Device Variability Analysis for Memristive Material Implication

TL;DR

This paper analyzes how device variability affects memristive IMPLY logic, deriving constraints and identifying critical parameters to guide reliable design and implementation of memristor-based logic circuits.

Contribution

It provides analytical constraints and simulation validation for memristive IMPLY robustness, highlighting the importance of threshold voltage and offering design guidelines.

Findings

Threshold voltage is the most critical parameter.

Static switching condition analysis is insufficient for robustness assessment.

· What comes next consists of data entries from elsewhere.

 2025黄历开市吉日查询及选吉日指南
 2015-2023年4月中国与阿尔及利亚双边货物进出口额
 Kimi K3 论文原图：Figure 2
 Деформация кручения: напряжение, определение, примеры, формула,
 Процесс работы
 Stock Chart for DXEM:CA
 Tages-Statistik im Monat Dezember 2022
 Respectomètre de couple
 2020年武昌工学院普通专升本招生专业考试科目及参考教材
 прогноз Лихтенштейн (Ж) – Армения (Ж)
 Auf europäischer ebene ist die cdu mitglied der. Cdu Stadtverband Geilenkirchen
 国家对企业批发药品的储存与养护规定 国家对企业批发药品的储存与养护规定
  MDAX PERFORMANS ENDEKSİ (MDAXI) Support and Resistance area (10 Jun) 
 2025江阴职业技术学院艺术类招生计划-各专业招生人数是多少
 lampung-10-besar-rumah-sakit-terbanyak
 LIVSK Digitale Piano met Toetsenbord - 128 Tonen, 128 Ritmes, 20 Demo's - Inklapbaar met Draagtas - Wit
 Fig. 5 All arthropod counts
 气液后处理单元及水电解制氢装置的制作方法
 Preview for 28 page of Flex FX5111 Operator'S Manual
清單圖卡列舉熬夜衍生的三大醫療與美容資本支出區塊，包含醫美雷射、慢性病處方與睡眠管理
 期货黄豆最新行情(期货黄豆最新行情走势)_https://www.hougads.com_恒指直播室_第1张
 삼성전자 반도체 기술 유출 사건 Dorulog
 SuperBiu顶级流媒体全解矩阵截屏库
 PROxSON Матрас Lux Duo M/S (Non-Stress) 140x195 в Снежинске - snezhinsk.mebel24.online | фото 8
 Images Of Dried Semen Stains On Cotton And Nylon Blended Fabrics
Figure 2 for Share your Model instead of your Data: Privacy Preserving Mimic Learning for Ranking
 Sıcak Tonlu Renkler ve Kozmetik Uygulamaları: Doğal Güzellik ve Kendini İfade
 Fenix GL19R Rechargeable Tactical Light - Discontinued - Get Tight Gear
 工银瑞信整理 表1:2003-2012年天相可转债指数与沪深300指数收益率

Parameter ranges for correct IMPLY operation are identified.

Abstract

Currently, memristor devices suffer from variability between devices and from cycle to cycle. In this work, we study the impact of device variations on memristive Material Implication (IMPLY). New constraints for different parameters and variables are analytically derived and compared to extensive simulation results, covering single gate and 1T1R crossbar structures. We show that a static analysis based on switching conditions is not sufficient for an overall assessment of robustness against device variability. Furthermore, we outline parameter ranges within which the IMPLY gate is predicted to produce correct output values. Our study shows that threshold voltage is the most critical parameter. This work helps scientists and engineers to understand the pitfalls of designing reliable IMPLY-based calculation units better and design them with more ease. Moreover, these analyses can be used to determine whether a certain memristor technology is suitable for implementation of IMPLY-based circuits and systems.